Susan G. Howe, Senior Assistant Attorney General, Salem, argued the cause and filed the brief for respondent. With her on the brief were Anna M. Joyce, Solicitor General, and Timothy A. Sylwester, Assistant Attorney General.
Before BALMER, Chief Justice, and KISTLER, WALTERS, LANDAU, BALDWIN, BREWER, Justices, and LINDER, Senior Justice pro tempore.*
Defendant was convicted on 10 counts of aggravated murder, as well as other felonies, following a joint trial with his son, Joshua, whose criminal convictions we affirm on this date. State v. Turnidge , 359 Or. 364, 374 P.3d 853 (2016) (Turnidge (Joshua) ). Defendant and Joshua both were sentenced to death. In this automatic and direct review of his convictions and sentences of death, defendant challenges the sufficiency of the evidence to support four of his 10 aggravated murder convictions; he raises numerous challenges to other trial court rulings as well. By way of relief, defendant seeks outright reversal of four of his aggravated murder convictions or, alternatively, remand for a new trial on those charges or on all counts, and remand for resentencing.
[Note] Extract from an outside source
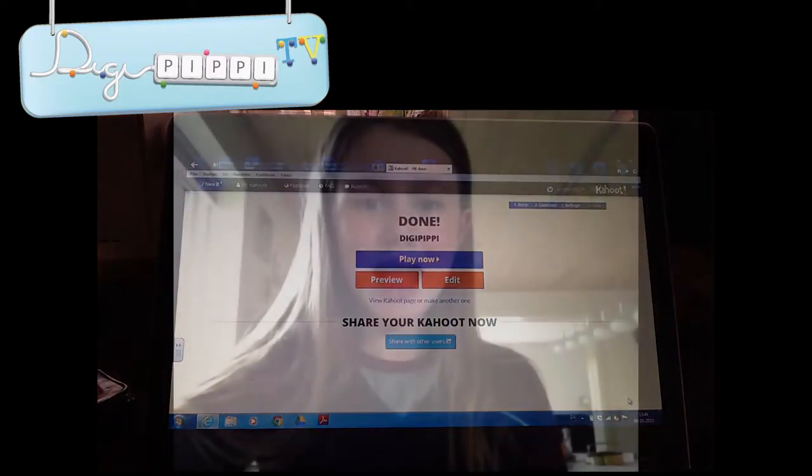Nu har du lavet en quiz. Næste gang vil jeg vise jer, hvordan man spiller. Det var alt for nu. Hej hej.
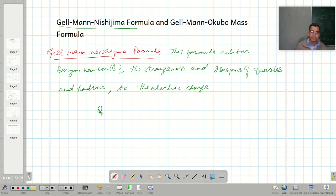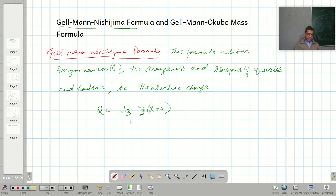Let me understand it mathematically. The charge of a quark or hadron can be calculated using the formula: it is the isospin I₃ plus one-half of (B plus S). Here, B plus S is known as the hypercharge Y, so it can be written as I₃ plus one-half times Y.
For the reasons set out below, we affirm defendant's convictions and sentences of death.
This case arises from a December 2008 bombing of a bank in Woodburn. After a life-threatening phone call was made to an adjacent bank, and an employee was told that the lives of employees in both banks were at risk, law enforcement officers responded to the scene and discovered the bomb, which they assessed and treated as a hoax device. While law enforcement officers were trying to dismantle the bomb, it exploded. Two law enforcement officers were killed; a third law enforcement officer was critically injured, but survived; a bank employee was also injured. The factual details surrounding those events are set out at length in our opinion in Turnidge (Joshua) , 359 Or. at 366–69, 374 P.3d 853, and we incorporate and rely on them here.
The investigation of the bombing led to defendant and Joshua as suspects. Within days of the bombing, they were arrested. See id. at 370–73, 374 P.3d 853 (). Eventually, they were jointly indicted and jointly tried, each on 10 counts of aggravated murder, which included four counts of aggravated felony murder; they were also charged with related felonies. After the jury returned verdicts of guilt on all counts, separate penalty-phase trials were conducted, and the jury voted to impose the death penalty on both defendant and Joshua. The trial court merged all the aggravated murder convictions relating to each murder victim and then entered identical judgments, one against defendant and one against Joshua, each setting out two convictions for aggravated murder (one for each victim who died) and two sentences of death.
On direct review, defendant raises 24 assignments of error, many of which are identical or substantially similar to those that Joshua also has raised and that we have rejected in Turnidge (Joshua) . We reject those arguments in this case for the same reasons that we did so in Turnidge (Joshua) . Defendant raises several additional assignments of error to rulings that the trial court made or as to other issues that arose during the pretrial, guilt, and penalty phases of his trial. For those issues that merit discussion, we address defendant's arguments in that order below. As needed for our analysis, we also set out additional historical and procedural facts not set out in Turnidge (Joshua) .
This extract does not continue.